Hades and Persephone
A love story that begins on the wrong foot but ends in a great relationship. Persephone, the beautiful daughter of the goddess Demeter, fascinated the god of the underworld and brother of Zeus, Hades, who ended up kidnapping her to have her as his wife.
Her mother, frustrated with Hades and technically with all the gods, makes all of nature dry up in search of her daughter. This leads to an agreement that Persephone would spend six months with her mother on Olympus and the rest of the time with her husband.
This led to the creation of seasons, as Demeter was so happy to see his daughter that everything would flourish on earth.
As for the relationship between this pair of gods, let’s use the fairy tale, “Beauty and the Beast,” meaning a relationship that seemed strange and inappropriate at first and ended in a wonderful story.
Paris and Helen
A love story that caused a 10-year war and one of the greatest epic poems. Paris fell in love with Helen at first sight and decided to take her with him to Troy.

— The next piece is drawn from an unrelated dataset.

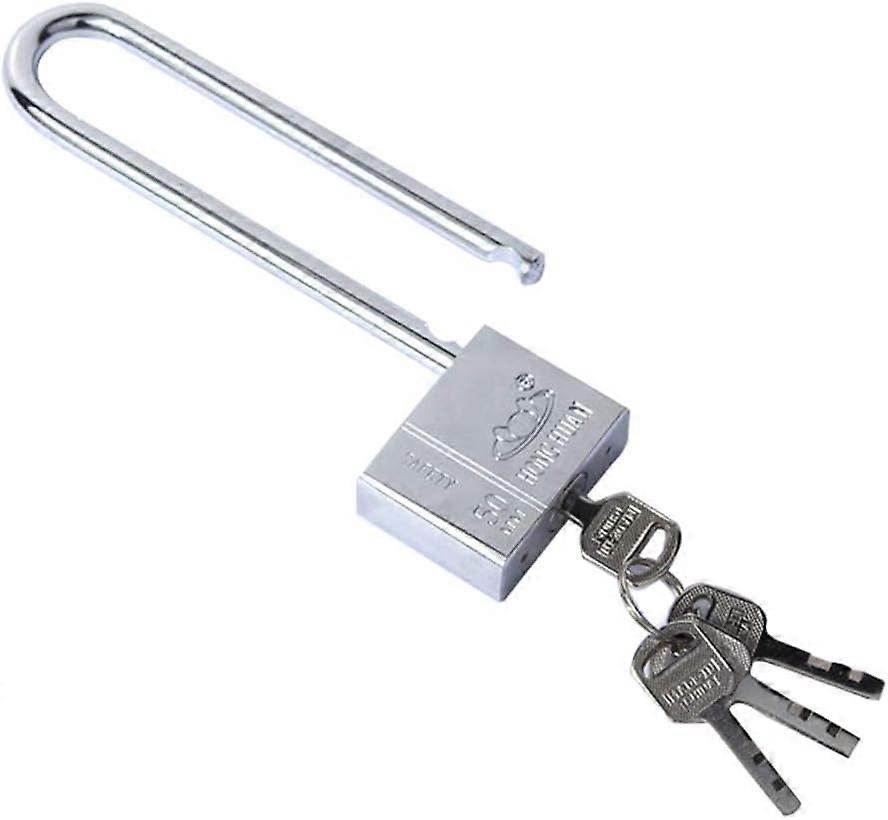 Keyed Padlocks 50mm Heavy Duty with 4 Keys for Warehouse Container Garage Shutter Gate and Chain Lock Security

This betrayal of her husband, Menelaus, is supposed to be the reason for the Trojan War between Achaeans and Trojans.
There are so many assumptions surrounding this relationship that it would take us quite a rhapsody, yet it’s safe to say that these two would be the symbol of impulsive love.
Ares and Aphrodite
Aphrodite was married to Hephaestus, but this was an arranged marriage, and she had always truly loved Ares (the god of war). Ares and Aphrodite started a mess, which they couldn’t stop even after being caught in the act and humiliated by Hephaestus. The beginning of this relationship seems a bit romantic, surpassing a marriage arranged in the name of true love, but it quickly dissolves. The two end up repeatedly cheating on each other, before punishing each other and their lovers, and then doing it again. A word? Obsession!
Clitemnestra and Agamemnon
And a bit of tragedy, the style that only Greeks can create. Clytemnestra, Spartan princess and sister of Helen of Troy, was married to Agamemnon, brother of Menelaus. Helena’s husband, Menelaus, asked his brother for his help in the Trojan war. He had to sacrifice his daughter, Iphigenia, to the gods so that the Greek army could sail to Troy. King Agamemnon tricked her wife into sending her daughter to him, where she was later sacrificed (the goddess Artemis saved the Iphigenia but this is another Greek tragedy).
Clytemnestra could not forgive her husband and starts an affair with her cousin. When Agamemnon returned to Mycenae, the two lovers killed him along with Cassandra. However, this story does not only tell the revenge of Clytemnestra. Several years later, the queen of Mycenae with her lover, Aegisthus, is killed by her son Orestes, aided by her sister Electra to avenge the death of her father. Oh Mycenae, what drama!
Of course, there are more stories, many different versions that fascinate us and that we really want to tell you. Therefore, we promise you a second part very soon.